Search code examples
amazon-web-servicesamazon-ec2amazon-ecsaws-cli

How to create aws cluster with infrastructure as ec2 and asg using aws cli


In the AWS online UI, when creating a cluster, a user can select these additional options:

  • Infrastructure:

    • Amazon EC2 instances
      • Auto Scaling group: Create new ASG|select
      • Provisioning model: On-demand|Spot
      • Container instance Amazon Machine Image: Amazon Linux image etc.
      • EC2 instance type: t2.micro
      • EC2 instance role: Create New Role|Select
      • Desired capacity: min: 0, max 5 etc.
      • SSH Key pair:
  • Networking settings:

    • VPC:
    • Subnets:
    • Security Group:

When using the terminal - aws cli, the options are limited for creating a cluster.

See example: https://awscli.amazonaws.com/v2/documentation/api/2.3.2/reference/ecs/create-cluster.html

It is not possible to select most of these other options via the aws create-cluster command. At the very least I want to be able to select EC2 and ASG.

How is this typically done via aws cli? What other commands would I need to run in aws-cli to replicate what the UI "Create Cluster" does? My end goal is to push docker images to aws ec2 using aws-cli commands only, before moving onto other orchestration tools.

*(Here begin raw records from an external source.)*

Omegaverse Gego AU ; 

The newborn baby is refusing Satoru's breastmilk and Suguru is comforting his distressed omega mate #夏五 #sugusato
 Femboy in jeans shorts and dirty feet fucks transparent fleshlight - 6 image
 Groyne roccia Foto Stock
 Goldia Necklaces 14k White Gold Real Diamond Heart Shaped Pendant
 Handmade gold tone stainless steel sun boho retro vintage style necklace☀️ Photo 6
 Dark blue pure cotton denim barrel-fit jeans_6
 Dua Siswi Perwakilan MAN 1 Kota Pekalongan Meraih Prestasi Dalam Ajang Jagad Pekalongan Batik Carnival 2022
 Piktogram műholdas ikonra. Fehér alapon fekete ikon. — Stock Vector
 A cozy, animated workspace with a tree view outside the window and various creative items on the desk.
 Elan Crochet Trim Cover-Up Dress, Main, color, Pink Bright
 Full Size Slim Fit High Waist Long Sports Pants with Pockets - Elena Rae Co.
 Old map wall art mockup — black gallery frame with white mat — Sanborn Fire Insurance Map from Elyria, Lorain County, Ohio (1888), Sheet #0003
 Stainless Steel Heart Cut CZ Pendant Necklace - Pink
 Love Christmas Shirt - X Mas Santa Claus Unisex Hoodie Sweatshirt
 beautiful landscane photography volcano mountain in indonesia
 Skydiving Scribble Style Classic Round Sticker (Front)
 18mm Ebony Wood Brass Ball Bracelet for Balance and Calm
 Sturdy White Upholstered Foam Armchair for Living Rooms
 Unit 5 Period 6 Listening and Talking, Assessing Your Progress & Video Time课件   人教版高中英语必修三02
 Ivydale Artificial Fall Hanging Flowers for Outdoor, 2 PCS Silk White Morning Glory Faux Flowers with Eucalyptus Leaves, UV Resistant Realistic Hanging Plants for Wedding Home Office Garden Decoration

I don't need specific implementation details. Just the core steps. ie

  • create-cluster
  • create task definition
  • what's next and in what order?

I have so far followed the instructions: https://docs.aws.amazon.com/AmazonECR/latest/userguide/getting-started-cli.html

Step 1 - step 7.

I cannot find anymore tutorials in AWS documentation to describe my intentions above.


Solution

  • ok after a lot of debugging and tutorials (none of which are complete) I've established a working model of steps.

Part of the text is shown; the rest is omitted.